Ini memang perkara iman. Tak semua orang bisa dengan mudah melakukan kebaikan. Tak tumbuh kesadaran dalam dirinya untuk berbuat baik. Masih harus diingatkan terus. Masih mending ketika dingatkan lalu melaksanakan. Eh, ada juga yang diingatkan terus menerus, tetapi ngeyelnya luar biasa. Nggak peduli. Ini jelas bikin rugi pelakunya. Jangan ditiru.
Coba direnungkan, shalat dhuha itu panjang lho, waktunya. Ada sekitar 5 atau 6 jam.

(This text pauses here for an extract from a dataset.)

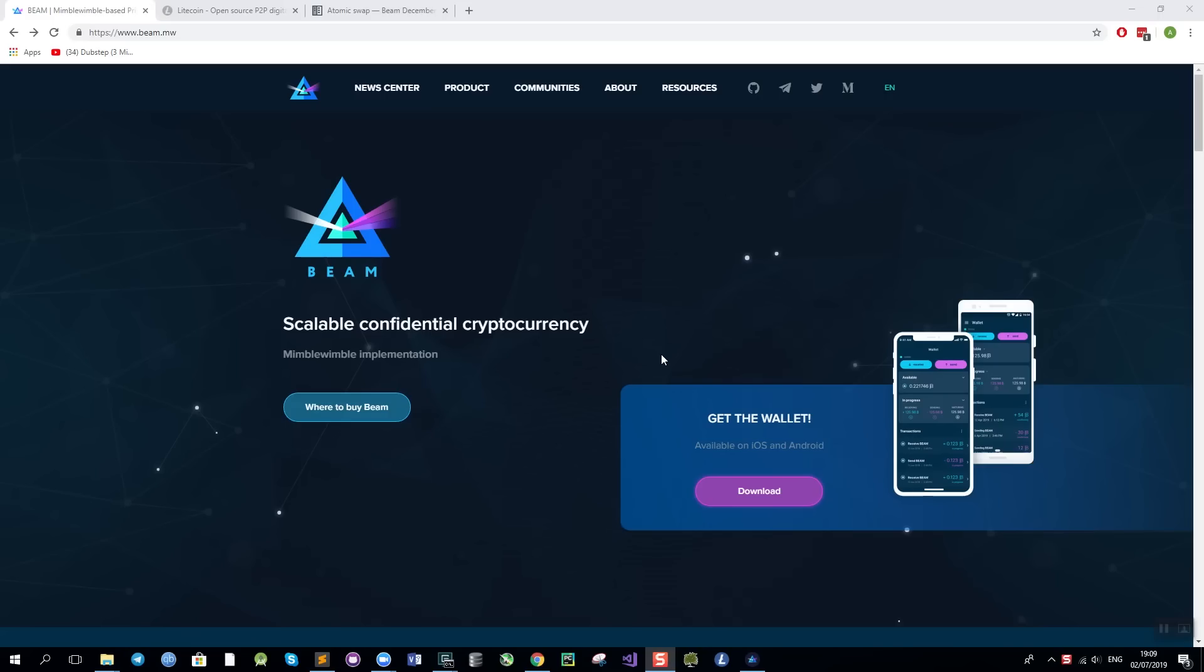Hi everyone, Alex from BIM is here and today I would like to show you a live atomic swap between BIM and Litecoin using our latest version called BrightBoson 2.2 which was just released earlier today.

Namun, tak semua orang mau memanfaatkannya untuk mengerjakan shalat dhuha yang mungkin hanya membutuhkan waktu paling lama 10 menit dari mulai wudhu, shalat (minimal 2 rakaat), dan doa. Itu pun dalam keadaan melek, bukan tidur. Beda dengan shalat tahajud.

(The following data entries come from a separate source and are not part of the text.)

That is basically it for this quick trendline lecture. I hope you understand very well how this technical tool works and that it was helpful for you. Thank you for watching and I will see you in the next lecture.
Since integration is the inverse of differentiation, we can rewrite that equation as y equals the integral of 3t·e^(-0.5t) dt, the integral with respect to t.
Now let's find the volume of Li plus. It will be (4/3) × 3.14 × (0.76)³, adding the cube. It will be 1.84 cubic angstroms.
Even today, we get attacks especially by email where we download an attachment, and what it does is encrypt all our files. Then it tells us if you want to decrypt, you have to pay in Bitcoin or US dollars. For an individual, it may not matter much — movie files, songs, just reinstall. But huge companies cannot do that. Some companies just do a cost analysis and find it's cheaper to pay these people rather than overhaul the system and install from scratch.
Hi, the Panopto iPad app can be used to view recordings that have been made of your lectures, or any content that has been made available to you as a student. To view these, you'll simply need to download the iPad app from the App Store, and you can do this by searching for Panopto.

Shalat tahajud juga waktunya panjang, bahkan di sepertiga malam terakhir, yang jika berdoa akan dikabulkan, udah gitu pahalanya besar, dan itu udah menjelang Subuh. Eh, tetap aja ngorok. Nggak tergerak untuk bangun dan shalat tahajud. Ini memang perkara iman, sih. Allah Ta’ala memberikan kesempatan kita untuk beribadah agar pahala banyak kita dapatkan, tetapi banyak di antara kita yang ogah dikasih pahala. Aneh nggak, sih?

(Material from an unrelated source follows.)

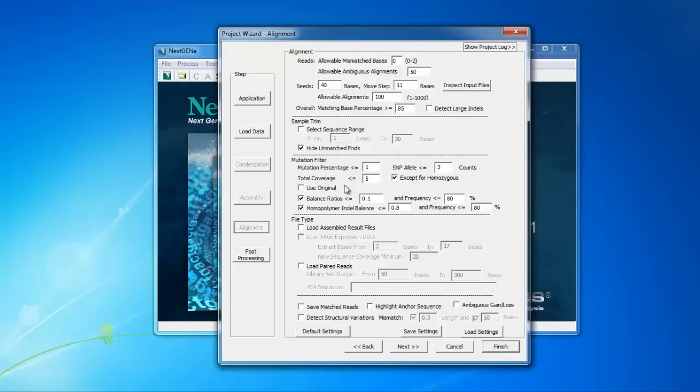The Total Coverage setting is the requirement for the total coverage depth at a position to call a variant. The default value is 5. In many cases, and especially for lower frequency variant detection, you may want to increase this to a higher value, for example, 100.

Di bulan Ramadhan juga mestinya kian semangat, banyak beramal shalih: puasa, sedekah, tilawah al-Quran, rajin shalat sunnah, berbakti kepada kedua orang tua, dan sebagainya. Itu kesempatan, lho. Namun, yang kita bisa saksikan saat ini, ada banyak kaum muslimin yang malah nggak puasa (bukan karena udzur syar’i, tetapi karena malas dan nggak peduli soal dosa). Ada juga yang puasa dikerjakan, tetapi shalat semaunya. Apalagi tilawah al-Quran, nggak pernah dilakukan. Duh, gimana, ya? Kasihan sebenarnya. Namun, yang dikasihani nggak ngerti karena kejahilannya.
Al-Imam Ibnu Qayyim al-Jauziyyah rahimahullah berkata, “Orang yang terhalangi yang sebenarnya adalah seseorang yang mengetahui jalan menuju Allah, tetapi dia justru berpaling dari jalan tersebut.” (dalam Thariqul Hijratain, hlm. 329).
Jadi, seseorang yang mengetahui keutamaan bulan Ramadhan, tetapi tidak memanfaatkannya dengan memperbanyak dan memperbagus amalannya.
Jangan sia-siakan Ramadhan
Sobat gaulislam, manfaatkan Ramadhan yang sedang kita jalani ini dengan memperbanyak amal shalih di siang dan malamnya. Semangat berlomba mengejar pahala dari amalan yang kita kerjakan. Ibnu al-Jauzy rahimahullah berkata, “Malam-malam dan hari-hari yang memiliki keutamaan yang tidak pantas–bagi orang yang ingin meraih keutamaan–untuk melalaikannya, karena jika seorang pedagang melalaikan musim untung, maka kapankah dia akan meraih keuntungan?” (dalam Minhajul Qashidin, jilid 1, hlm. 343)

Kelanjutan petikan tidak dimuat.